6. Consent and Waiver. Each Stockholder hereby gives any consents
or waivers that are reasonably required for the consummation of the
Transaction under the terms of any agreement to which such Stockholder is a
party or pursuant to any rights such Stockholder may have provided,
however, that such Stockholder shall not be required by this Section 6 to
give any consent or waiver in his capacity as a director or officer of
Company.
7. Termination. This Agreement and the Proxy delivered in
connection herewith and all obligations of each Stockholder hereunder and
thereunder, shall terminate and shall have no further force or effect as of
the Expiration Date.
8. Miscellaneous.
8.1. Severability. If any term, provision, covenant or restriction
of this Agreement is held by a court of competent jurisdiction to be
invalid, void or unenforceable, then the remainder of the terms,
provisions, covenants and restrictions of this Agreement shall remain in
full force and effect and shall in no way be affected, impaired or
invalidated.
8.2. Binding Effect and Assignment. This Agreement and all of the
provisions hereof shall be binding upon and inure to the benefit of the
parties hereto and their respective successors and permitted assigns, but,
except as otherwise specifically provided herein, neither this Agreement
nor any of the rights, interests or obligations of the parties hereto may
be assigned by either of the parties without the prior written consent of
the other. This Agreement is intended to bind each Stockholder solely as a
securityholder of Company only with respect to the specific matters set
forth herein.
8.3. Amendment and Modification. This Agreement may not be modified,
amended, altered or supplemented except by the execution and delivery of a
written agreement executed by the parties hereto.
8.4. Specific Performance; Injunctive Relief. The parties hereto
acknowledge that Parent will be irreparably harmed and that there will be
no adequate remedy at law for a violation of any of the covenants or
agreements of each Stockholder set forth herein. Therefore, it is agreed
that, in addition to any other remedies that may be available to Parent
upon any such violation, Parent shall have the right to enforce such
covenants and agreements by specific performance, injunctive relief or by
any other means available to Parent at law or in equity and each
Stockholder hereby waives any and all defenses which could exist in its
favor in connection with such enforcement and waives any requirement for
the security or posting of any bond in connection with such enforcement.
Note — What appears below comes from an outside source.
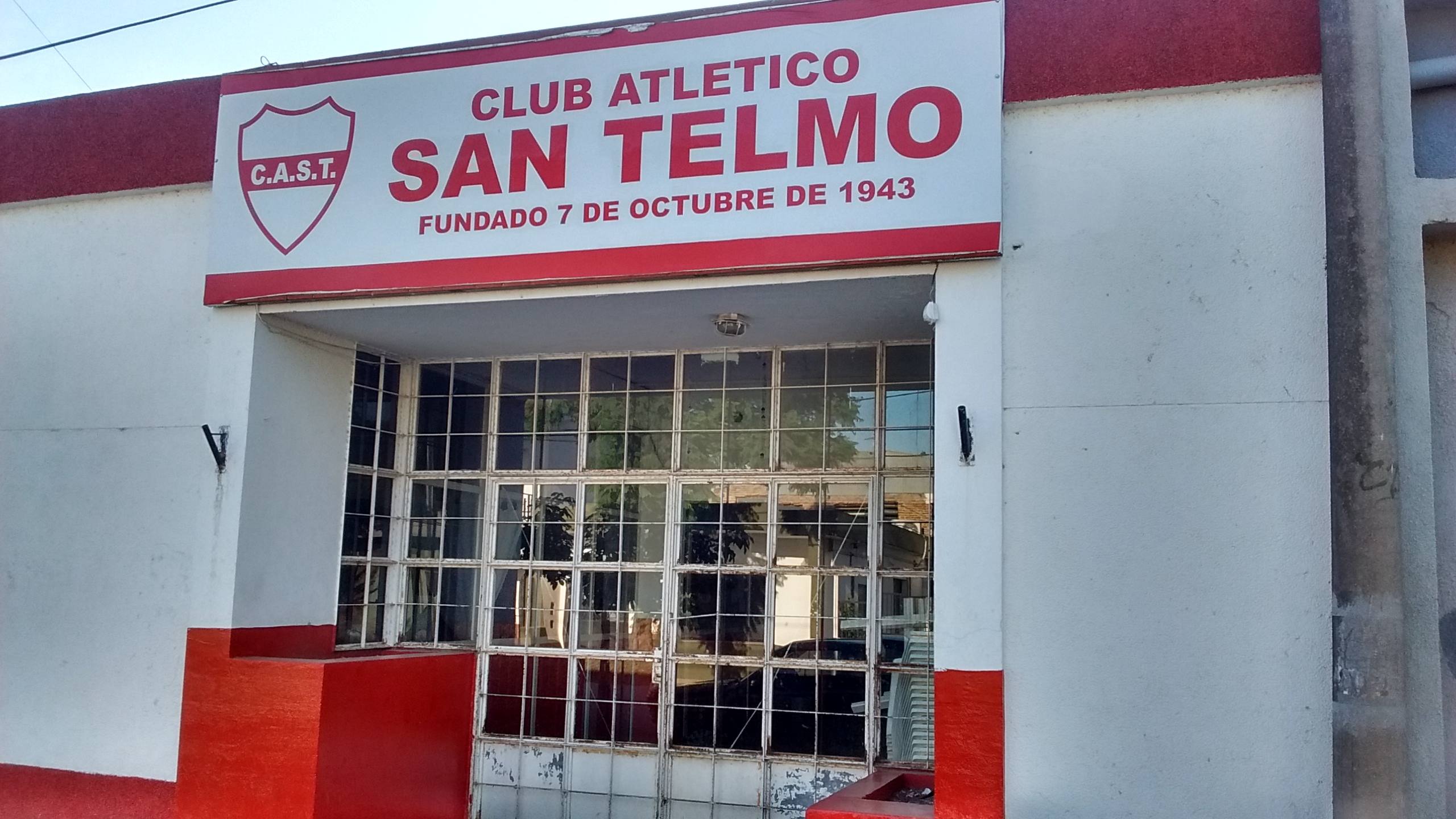 Después del granizo en Funes, la reconstrucción: San Telmo dio un paso clave para reparar su cancha de básquet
8.5. Notices. All notices, requests, demands or other
communications that are required or may be given pursuant to the terms of
this Agreement shall be in writing and shall be deemed to have been duly
given (a) when delivered, if delivered by hand, (b) one business day after
transmitted, if transmitted by a nationally recognized overnight courier
service, (c) when telecopied, if telecopied (which is confirmed), or (d)
three business days after mailing, if mailed by registered or certified
mail (return receipt requested), to the parties at the following addresses:
(a) If to any Stockholder, at the address set forth below such
Stockholder's signature at the end hereof.
(b) if to Parent, to:
Sapiens International Corporation N.V.
c/o Kaya, Xxxxxxx X.
Xxxxxxx, X/X
X.X. Xxx 000 Xxxxxxxxxx
Xxxxxxx, Xxxxxxxxxxx Antilles
Attention: General Counsel
Facsimile No.: 5999-736-6161
and
Sapiens International Corporation N.V.
Xxxxxxx Xxxxx Science Park
X.X. Xxx 0000
Xxxxxxx, 00000
Xxxxxx
Attention: General Counsel
Facsimile: 972-8-938-2730
with a copy to:
Skadden, Arps, Slate, Xxxxxxx & Xxxx LLP
Xxxx Xxxxx Xxxxxx
Xxx Xxxx, XX 00000
Attention: Xxxxx X. Xxxxxxxx, Esq.
Xxxxx Xxxxxxxxxxx, Esq.
Facsimile No.: (000) 000-0000
or to such other address as any party hereto may designate for itself by
notice given as herein provided.
8.6. Governing Law. This Agreement shall be governed by, and construed
and enforced in accordance with, the laws of the State of New York without
giving effect to the principles of conflicts or choice of law rules of any
jurisdiction.
8.7. Entire Agreement. This Agreement and the Proxy contain the entire
understanding of the parties in respect of the subject matter hereof, and
supersede all prior negotiations and understandings between the parties with
respect to such subject matter.
8.8. Counterpart. This Agreement may be executed in several
counterparts, each of which shall be an original, but all of which together
shall constitute one and the same agreement.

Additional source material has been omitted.